Should not set_directed() redefine the definition of out_neighbours() and
in_neighbours()?

It does.

When I created a simple Erdős–Rényi graph, then change it to a directed
graph, out_neighbours() and in_neighbours() do not return the expected
edges:

import graph_tool.all as gt, numpy as np, numpy.random as rand
N = 12
p = 1.5 * np.log(N)/N
g = gt.random_graph(N, deg_sampler=lambda: rand.poisson((N-1)*p),
directed=False, model='erdos')
vroot = g.vertex(0)

g.set_directed(False)
print([g.edge(vroot,v) for v in vroot.out_neighbours()])
print([g.edge(v,vroot) for v in vroot.in_neighbours()])
g.set_directed(True)
print([g.edge(vroot,v) for v in vroot.out_neighbours()])
print([g.edge(v,vroot) for v in vroot.in_neighbours()])

Result:

[<Edge object with source '0' and target '3' at 0x1245b9050>, <Edge object
with source '0' and target '10' at 0x1245bbf28>, <Edge object with source
'0' and target '6' at 0x1245b90e8>]
[]
[None, None, <Edge object with source '0' and target '6' at 0x1245bf050>]
[]

You can see that out_neighbours() returns *all* edges, even ones that are
inward-pointing, and in_neighbours() fails to return any edges.

What is happening here is that the vertex descriptor is still referring to
the original graph.
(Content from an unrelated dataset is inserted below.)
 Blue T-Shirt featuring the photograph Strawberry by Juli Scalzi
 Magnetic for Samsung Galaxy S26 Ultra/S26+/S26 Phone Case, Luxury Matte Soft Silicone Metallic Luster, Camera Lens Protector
When you do g.set_directed(True), the vroot vertex
descriptor still refers to the old graph. To get the result you were
expecting you have to do:

vroot = g.vertex(0)

after you do g.set_directed().

This is done for efficiency reasons, but is somewhat counter-intuitive. I'll
add a clear note in the documentation.

Best,
Tiago